Er wurde Pistolen-Paul genannt, weil er nebenbei auch mit illegalen Schusswaffen handelte. Mir gegenüber stritt er das ab, aber im Nachhinein zeigte sich, dass es doch stimmte. Denn Paul war nicht nur ein Ex-Knackie, sondern auch ein Spitzel des Verfassungsschutzes. Das kam raus, kurz nachdem er plötzlich verschwunden war. Er hatte versucht, Pistolen an RAF-Sympathisanten zu verkaufen, aber die sind nicht darauf reingefallen.

Willie
Die besetzten Häuser waren nicht alle gleich, in manchen lebten Leute, die die Gebäude sanieren und toll ausbauen wollten, für andere dagegen waren die Besetzungen Teil ihres politischen Kampfs. In diese Kategorie gehörte das Haus in der Nähe des Oranienplatzes, das als besonders militant galt. Mehr als ein Dutzend seiner Bewohner hatten das Amerikahaus am Bahnhof Zoo gestürmt, besetzt und mit Molotow-Cocktails gegen die Polizei verteidigt. Sie gehörten zu den sogenannten Anti-Imps, die die RAF unterstützten und dafür auch in den Knast gingen.
In diesem Haus gab es eine Wohnung, die ganz anders war, dort wohnte Willie.
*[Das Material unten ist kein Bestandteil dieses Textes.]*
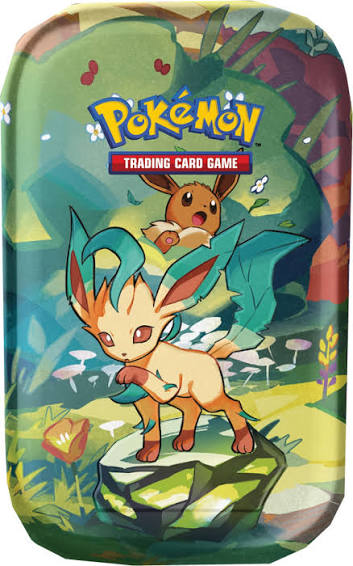 Pokemon Karmesin & Purpur Prismatische Entwicklungen Mini Tin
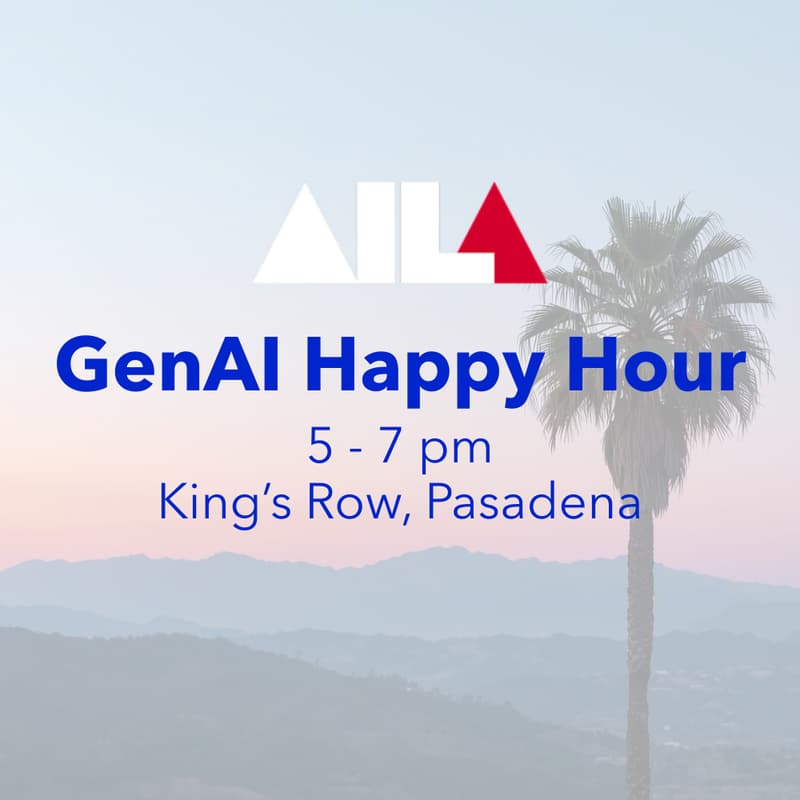 Cover Image for GenAI September Happy Hour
Er war ein kleiner, schmaler, junger Mann Anfang Zwanzig, der etwas Besonderes ausstrahlte: Er war cool. Aber nicht cool im negativen, arroganten Sinn, sondern einfach nur lässig, in jeder Hinsicht. Das war auch nicht gespielt, sondern absolut authentisch. Sein Zimmer war wie ein Labyrinth, etwas verwunschen, genau wie er.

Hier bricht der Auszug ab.